Мы привыкли считать себя скорее Европой, чем Азией, по крайней мере, в терминах культуры. Но по своему политическому устройству Россия значительно ближе к Азии и Африке, шире - к недоразвитым странам: авторитаризм вместо демократии, самообслуживание власти вместо саморегуляции общества, контроль и подавление вместо демократических свобод. Как и в других репрессивных обществах интернет и блогосфера у нас - субститут публичной сферы, где возможно свободное высказывание и обсуждение проблем, табуированных в подконтрольных власти СМИ. Еще одно сходство - гипертрофия интереса к политике, что само по себе довольно патологично. Есть масса вещей гораздо более интересных, чем политика: любовь, искусство, познание, творчество... Когда люди начинают массово обсуждать политические темы, это отчетливый симптом того, что в стране что-то сильно не в порядке. Отличие России от, скажем, Египта, Саудовской Аравии, Кубы и Китая в том, что свободы у нас все-таки как бы больше и в тюрьму за слова сажают покамест меньше.

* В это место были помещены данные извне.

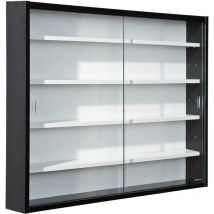 Altobuy - collect - Vitrine Murale 5 Compartiments Noire et Blanche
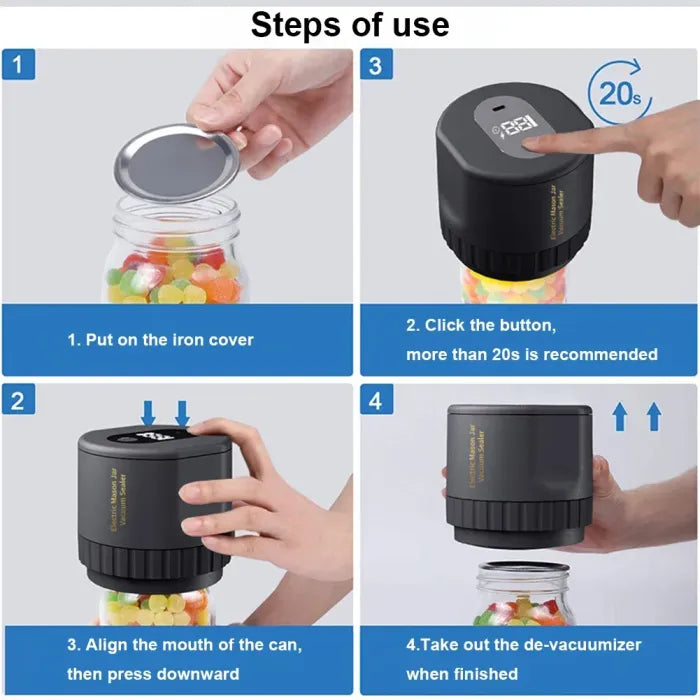 Auto Electric Mason jar Vacuum Sealer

Ниже - тезисы моего доклада. Еще показывал картинки с комментариями: коллективное совокупление группы "Война" как пародия на президентские выборы с песней про ментов-ублюдков в зале суда, марши согласных-несогласных-молчащих, ботанье власти по фене, Путин с Кабаевой, Новгородское дело, протест травы и деревьев против ареста Лоскутова, "Долой ментовский беспредел" на питерской крыше, тюремные блоги.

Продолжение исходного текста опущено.